*Exercise description:*
Transcribe the lines below exactly, beginning with the line that holds "Sarmaşık Tattoo" and ending with the final line, both included. Pictures are to be left out.

(Extracted records Opens)

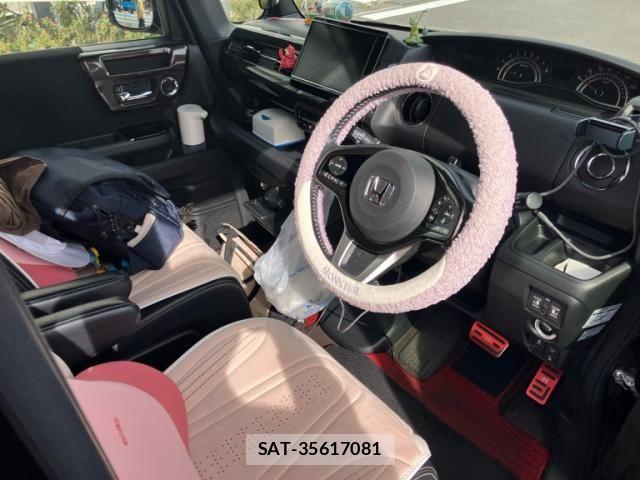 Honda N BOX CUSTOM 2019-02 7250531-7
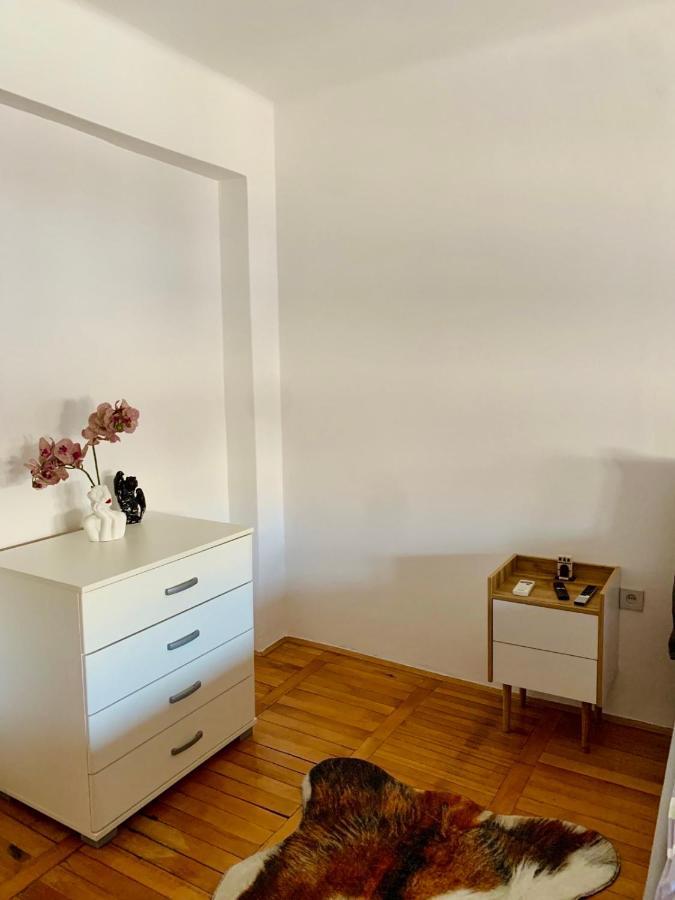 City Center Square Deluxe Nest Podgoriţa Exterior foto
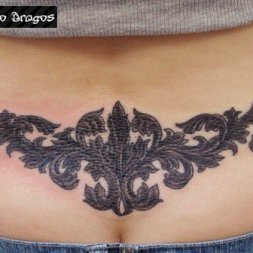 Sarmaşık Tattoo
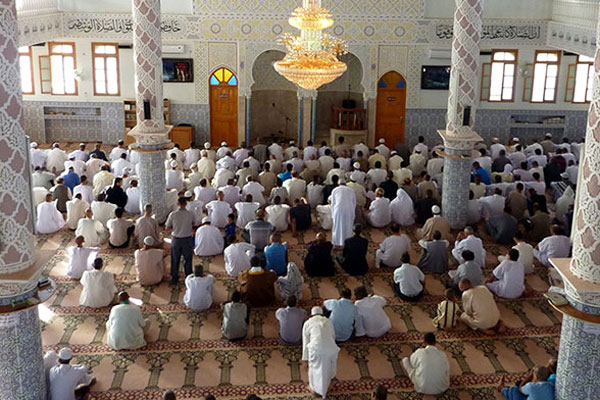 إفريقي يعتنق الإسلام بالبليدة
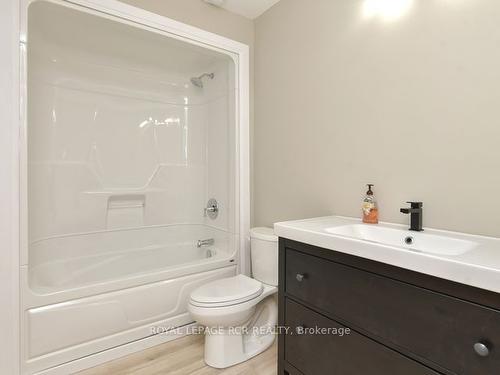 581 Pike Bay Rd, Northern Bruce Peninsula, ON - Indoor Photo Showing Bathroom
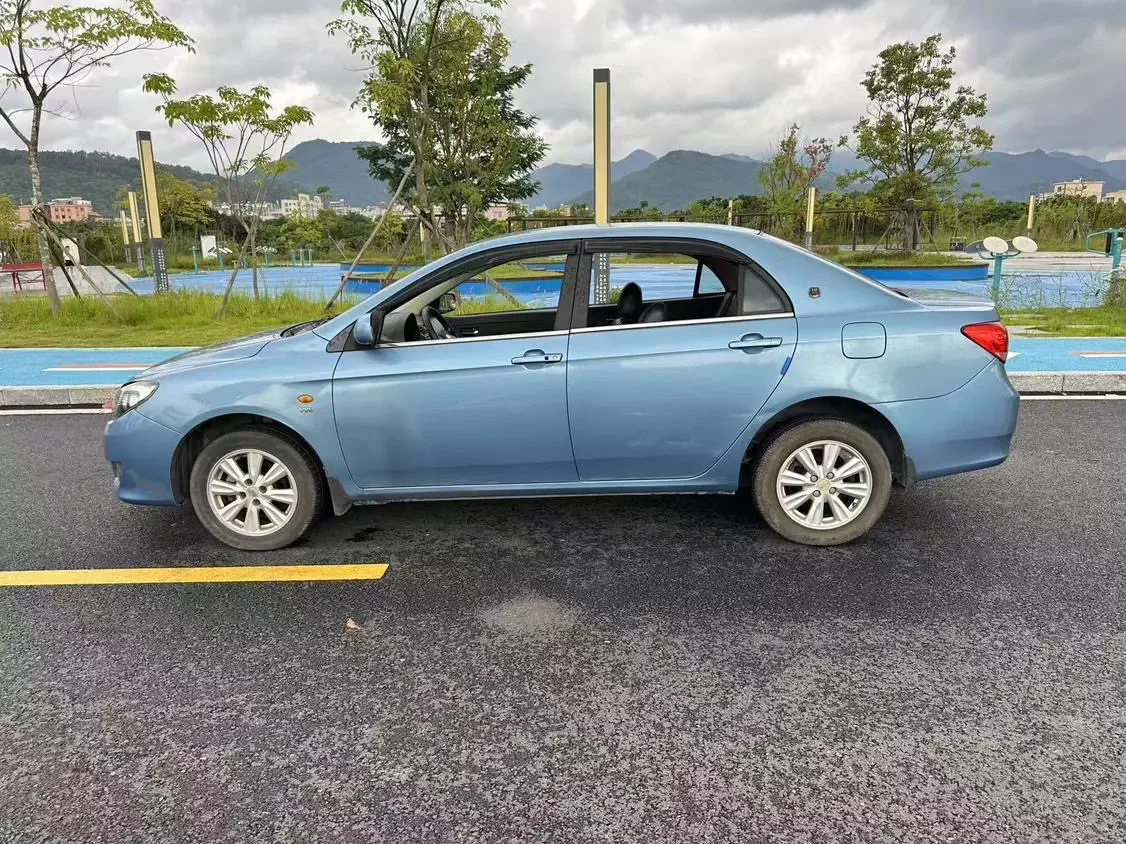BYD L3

(Extracted records Closes)

*Output for this task:*
 Sarmaşık Tattoo
 إفريقي يعتنق الإسلام بالبليدة
 581 Pike Bay Rd, Northern Bruce Peninsula, ON - Indoor Photo Showing Bathroom
BYD L3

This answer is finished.